Pierre-Olivier Arduin

Source :La Nef N°220 de novembre 2010
Le projet de loi bioéthique du gouvernement marque une nouvelle régression quant au respect de l’intégrité de l’embryon humain. Le débat au Parlement est attendu en janvier 2011.

D’un point de vue légal, la recherche sur l’embryon humain est interdite en France, principe fondamental des lois bioéthiques de 1994 et 2004 sanctionné pénalement. Ce n’est qu’à titre expérimental que la législation a consenti à ce que des dérogations puissent être concédées sous réserve du respect strict et cumulatif de deux conditions : les protocoles de recherche doivent permettre « des progrès thérapeutiques majeurs » et ne pouvoir être menés par « une méthode alternative d’efficacité comparable en l’état des connaissances scientifiques » (article L. 2151-5 du code de la Santé publique). C’est l’Agence de la biomédecine, un organisme unique en Europe, qui a été chargée par le législateur de valider les dossiers des équipes de recherche qui satisfont aux conditions d’application de la loi.
Au terme du moratoire, il était attendu que la représentation nationale tirerait les leçons de ce régime temporaire.
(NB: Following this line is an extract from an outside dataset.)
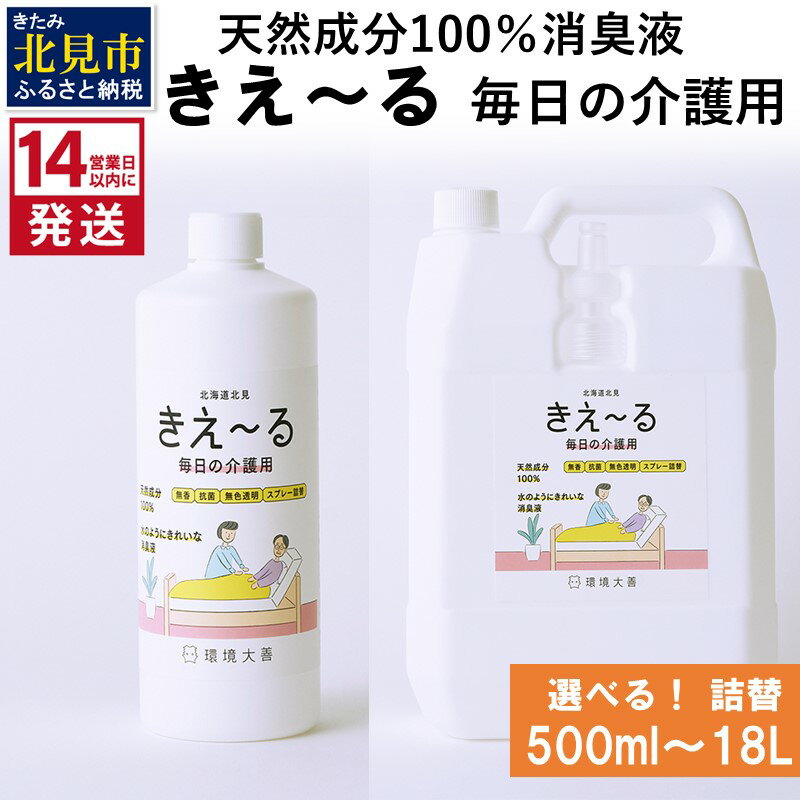 14位! 口コミ数「0件」評価「0」《14営業日以内に発送》天然成分100％消臭液 きえ～る 毎日の介護用 詰替 500ml 1L 4L 18L ( 消臭 天然 介護 )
En particulier, il était clair, même si nous n’avions pas souscrit à cette solution, que la mise en place d’un système limité dans le temps était vouée à devenir caduque dès lors qu’une alternative à la recherche sur l’embryon se présenterait. Or, nous nous trouvons aujourd’hui exactement dans la situation imaginée par le législateur en 2004.
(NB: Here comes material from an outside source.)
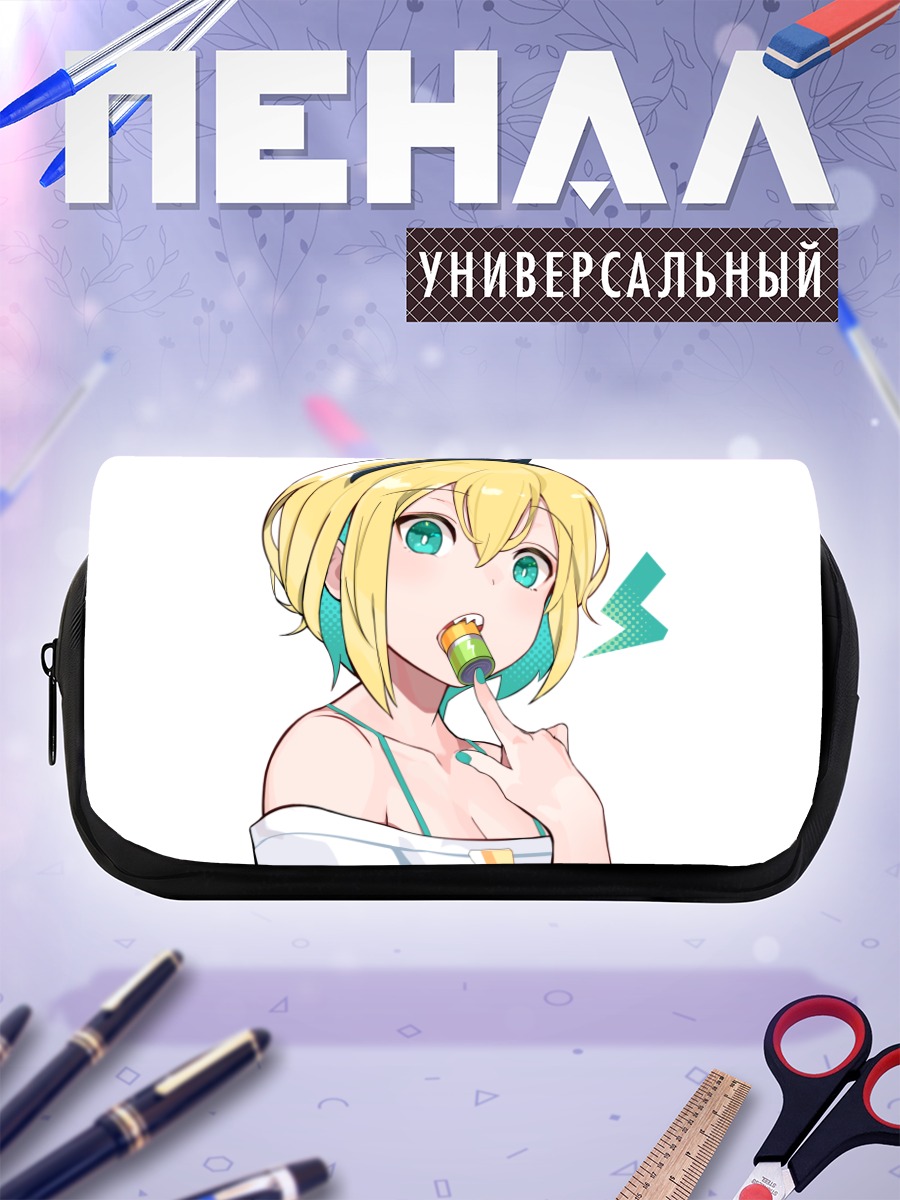 Пенал-косметичка Пикамее Амано с леденцом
Sur le plan scientifique en effet, les progrès enregistrés par la communauté internationale dans le champ des cellules souches adultes – particulièrement celles issues du cordon ombilical – ont ouvert des horizons extrêmement prometteurs pour développer des thérapies cellulaires innovantes comme l’a rapporté l’Académie de médecine en début d’année (1). Surtout, le Japonais Shinya Yamanaka a réussi en 2006-2007 ce que personne n’avait imaginé possible : reprogrammer génétiquement des cellules de peau de manière à leur faire recouvrir un état de jeunesse équivalent à celui des cellules embryonnaires, puis orienter la spécialisation de ces cellules souches dites induites (iPS) en tous les types tissulaires d’un organisme adulte (cœur, neurones…).
Pour n’avoir pas tenu compte de cette révolution scientifique, la Fondation Jérôme Lejeune a attaqué en justice une décision récente de l’Agence de la biomédecine (2). Ce bras de fer judiciaire vient à point nommé nous rappeler qu’il n’y a jamais eu aussi peu d’arguments qu’aujourd’hui pour déroger au respect légal de la vie de l’être humain à peine conçu.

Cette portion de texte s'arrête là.